Image-caption web data
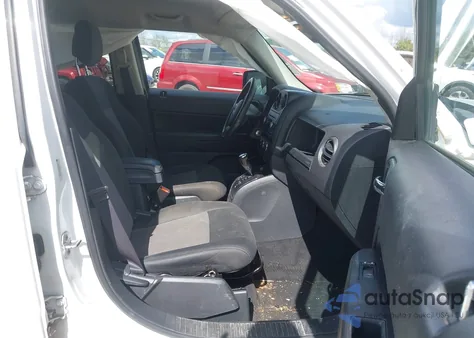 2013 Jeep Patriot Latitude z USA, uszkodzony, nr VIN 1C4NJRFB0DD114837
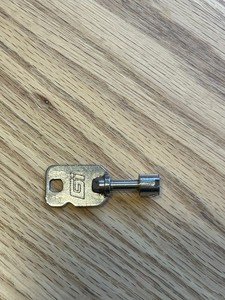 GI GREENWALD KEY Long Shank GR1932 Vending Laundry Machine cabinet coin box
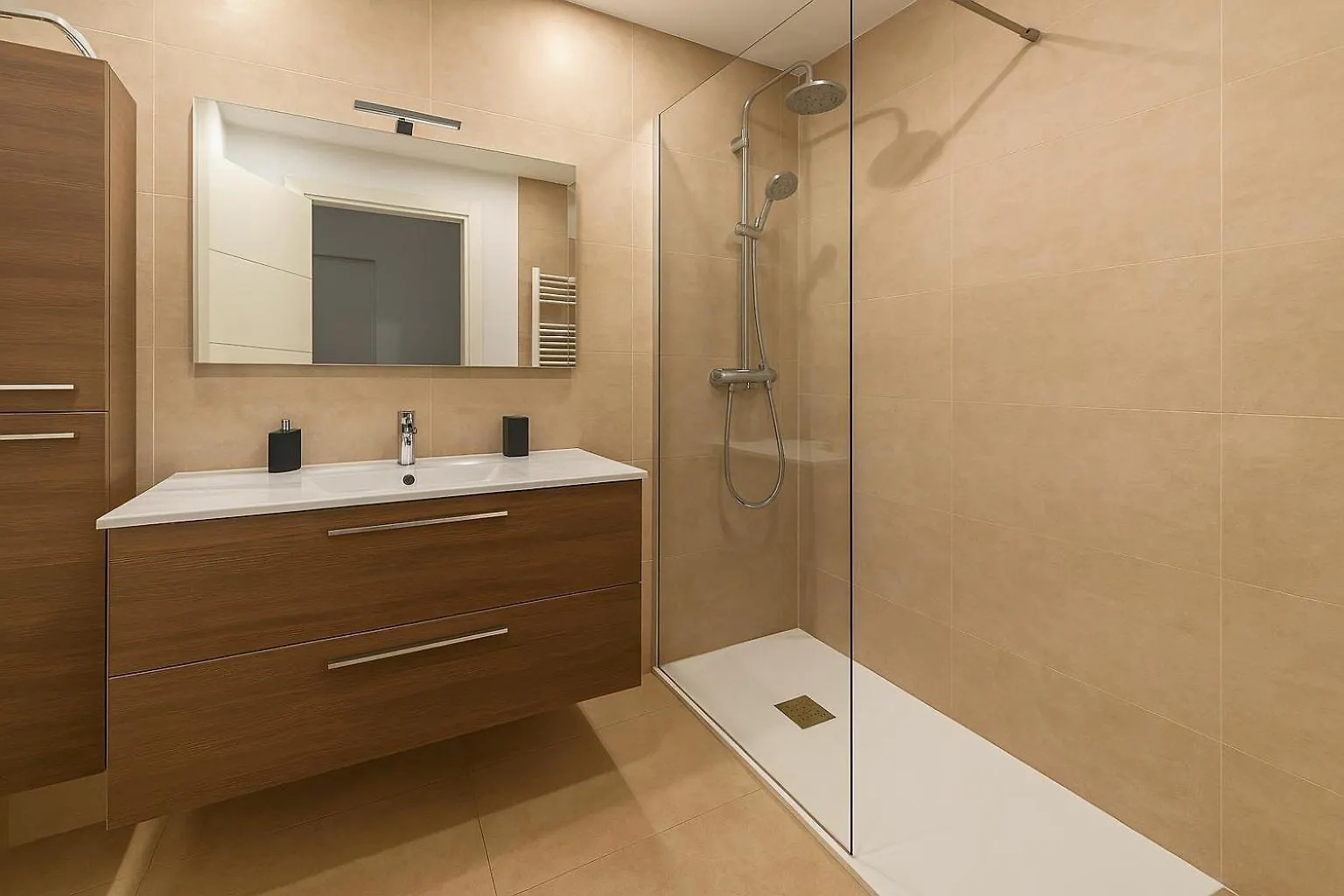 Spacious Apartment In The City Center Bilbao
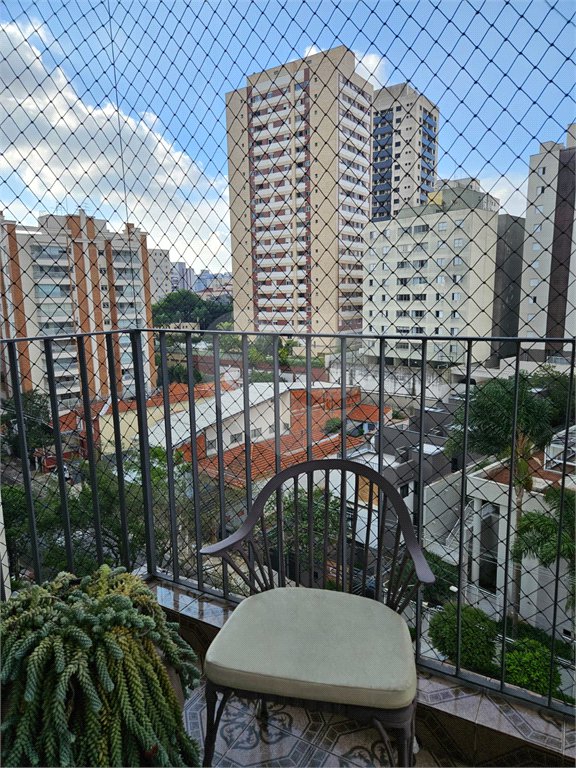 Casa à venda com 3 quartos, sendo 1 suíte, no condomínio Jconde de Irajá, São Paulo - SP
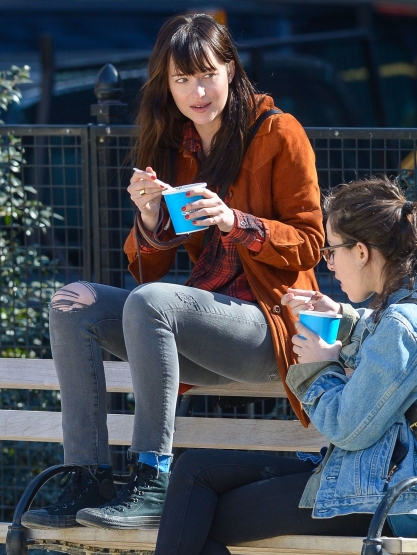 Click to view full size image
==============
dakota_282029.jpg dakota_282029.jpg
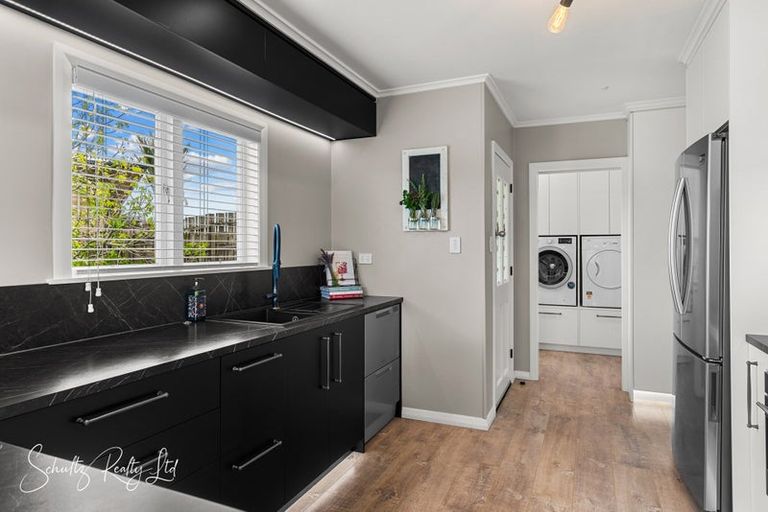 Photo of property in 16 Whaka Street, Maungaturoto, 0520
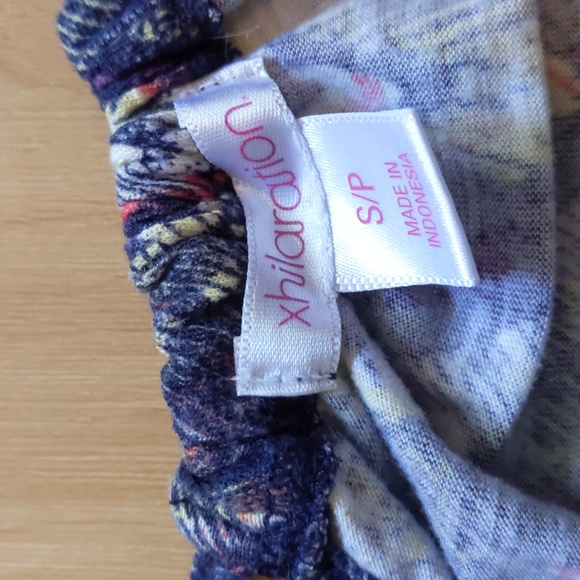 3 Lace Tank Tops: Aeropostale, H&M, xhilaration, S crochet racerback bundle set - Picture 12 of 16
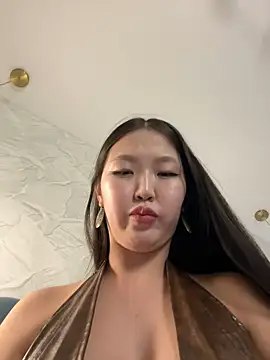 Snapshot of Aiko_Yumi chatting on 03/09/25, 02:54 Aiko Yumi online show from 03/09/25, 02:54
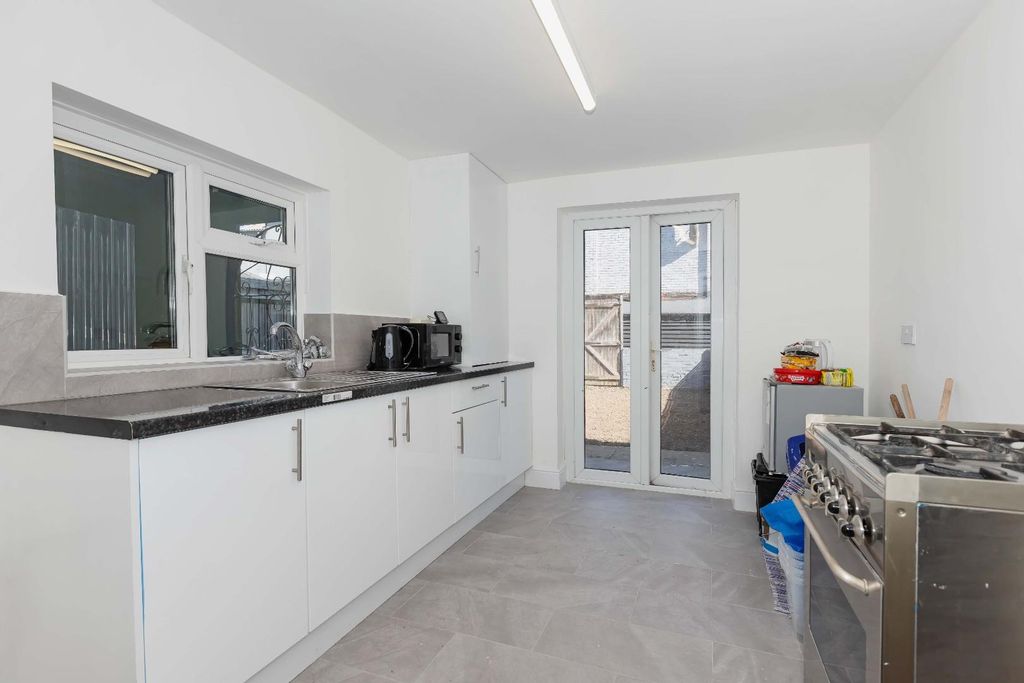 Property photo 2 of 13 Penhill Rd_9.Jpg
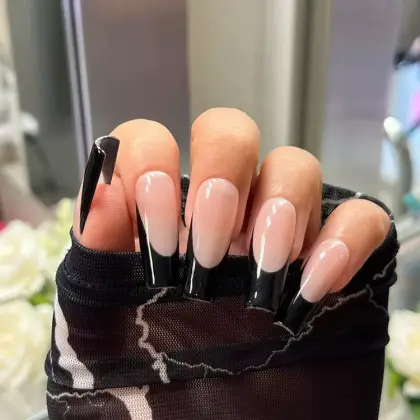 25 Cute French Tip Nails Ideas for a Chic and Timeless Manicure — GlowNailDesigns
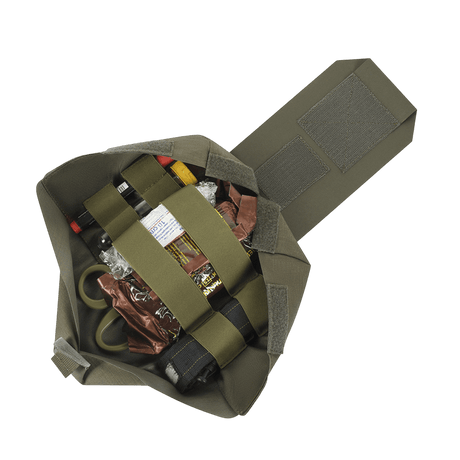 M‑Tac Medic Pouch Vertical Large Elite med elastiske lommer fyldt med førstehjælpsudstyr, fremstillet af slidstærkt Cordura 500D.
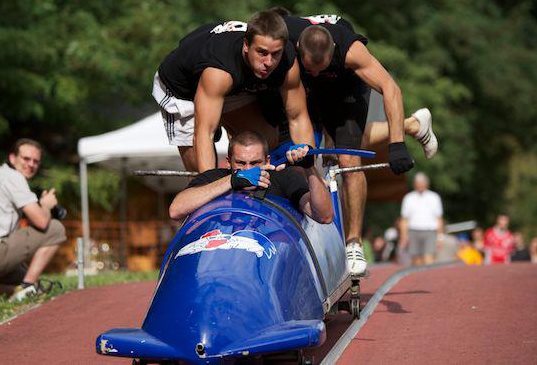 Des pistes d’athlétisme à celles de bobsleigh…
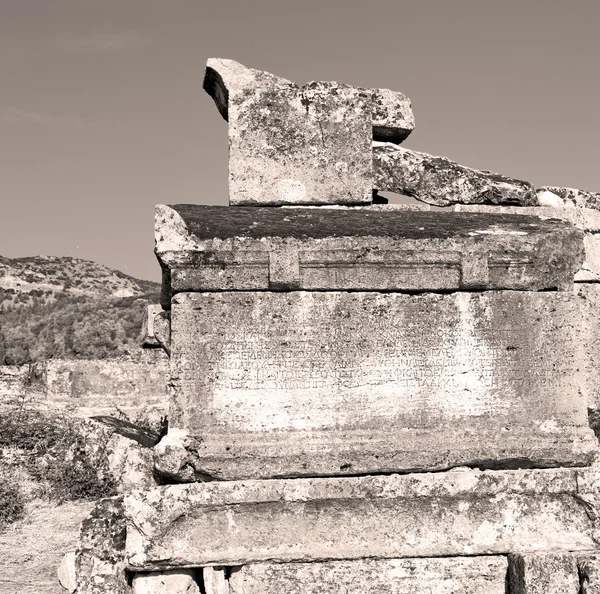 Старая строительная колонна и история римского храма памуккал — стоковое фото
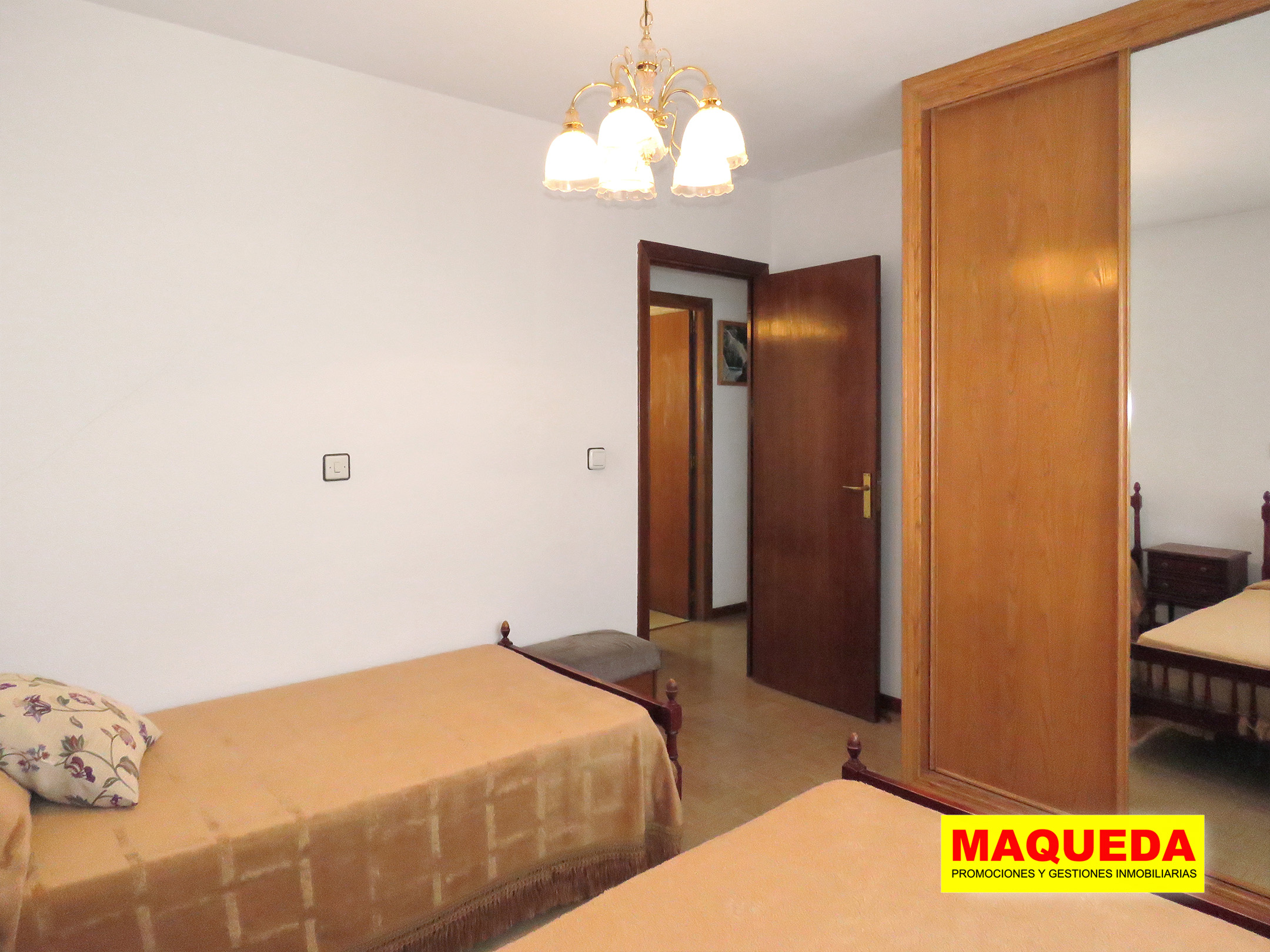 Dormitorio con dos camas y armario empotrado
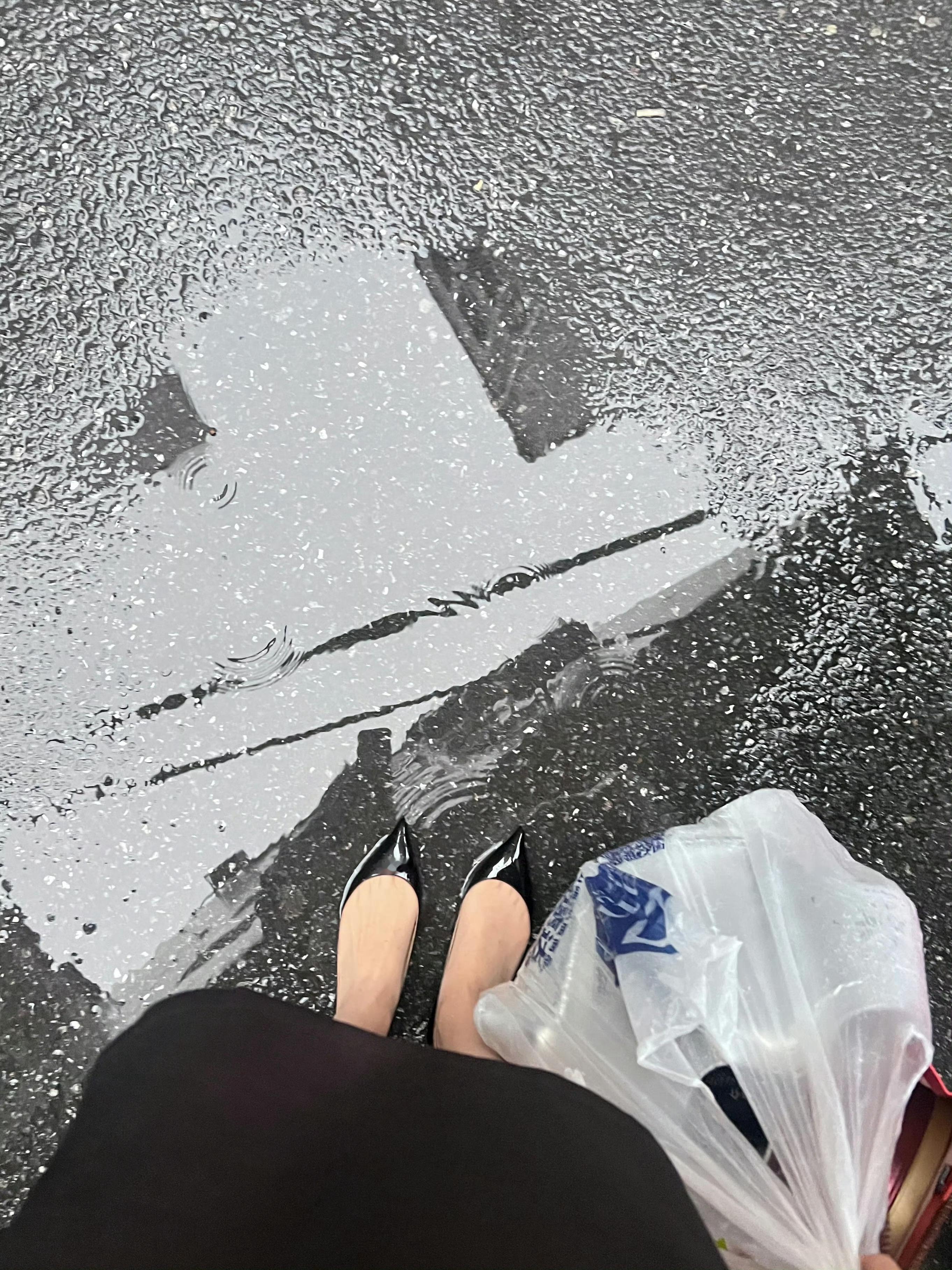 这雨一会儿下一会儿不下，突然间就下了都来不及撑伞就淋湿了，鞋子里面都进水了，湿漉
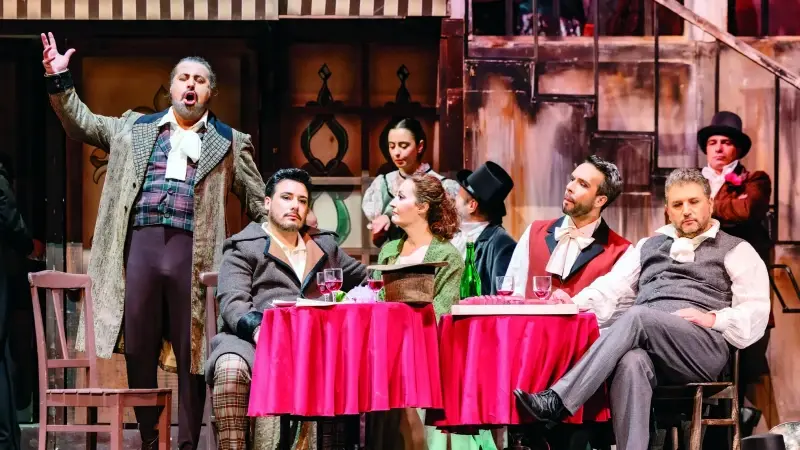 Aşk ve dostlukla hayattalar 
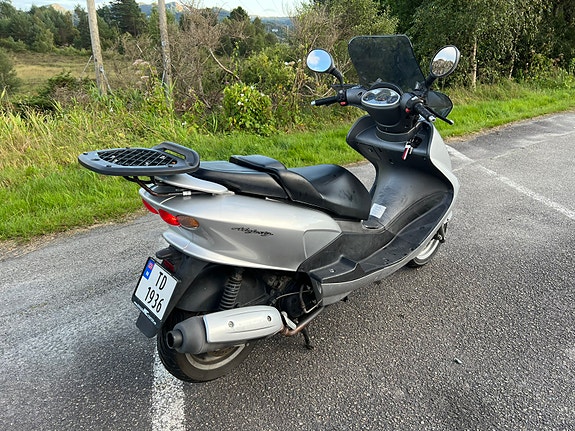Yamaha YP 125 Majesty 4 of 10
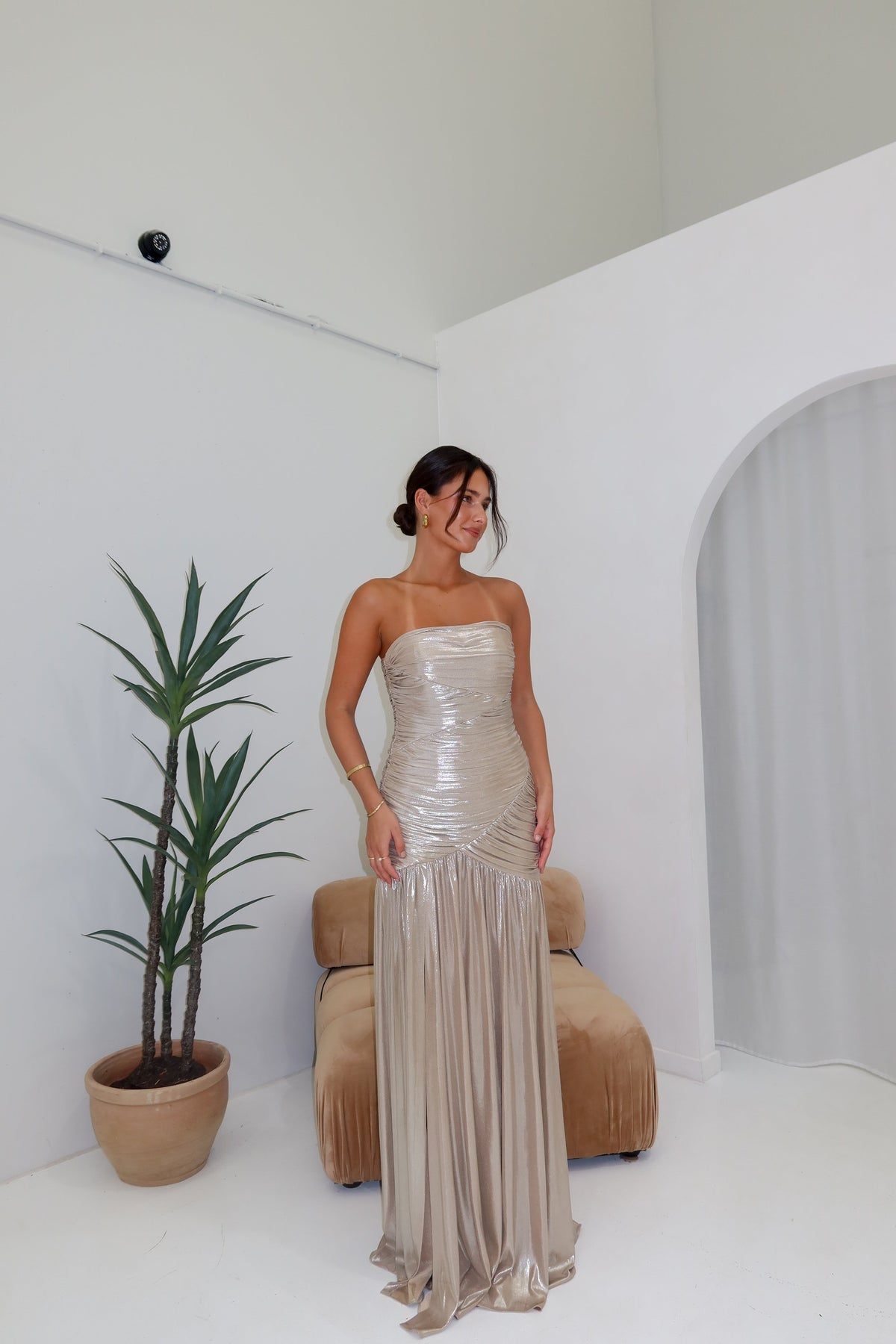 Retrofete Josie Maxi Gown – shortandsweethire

> _TASK DIRECTIONS_: Starting at the first line of the records and stopping after the line with "Dormitorio con dos camas y armario empotrado", copy each line exactly; pictures stay out.

> _RESULT OF THE EXERCISE_:
 2013 Jeep Patriot Latitude z USA, uszkodzony, nr VIN 1C4NJRFB0DD114837
 GI GREENWALD KEY Long Shank GR1932 Vending Laundry Machine cabinet coin box
 Spacious Apartment In The City Center Bilbao
 Casa à venda com 3 quartos, sendo 1 suíte, no condomínio Jconde de Irajá, São Paulo - SP
 Click to view full size image
==============
dakota_282029.jpg dakota_282029.jpg
 Photo of property in 16 Whaka Street, Maungaturoto, 0520
 3 Lace Tank Tops: Aeropostale, H&M, xhilaration, S crochet racerback bundle set - Picture 12 of 16
 Snapshot of Aiko_Yumi chatting on 03/09/25, 02:54 Aiko Yumi online show from 03/09/25, 02:54
 Property photo 2 of 13 Penhill Rd_9.Jpg
 25 Cute French Tip Nails Ideas for a Chic and Timeless Manicure — GlowNailDesigns
 M‑Tac Medic Pouch Vertical Large Elite med elastiske lommer fyldt med førstehjælpsudstyr, fremstillet af slidstærkt Cordura 500D.
 Des pistes d’athlétisme à celles de bobsleigh…
 Старая строительная колонна и история римского храма памуккал — стоковое фото
 Dormitorio con dos camas y armario empotrado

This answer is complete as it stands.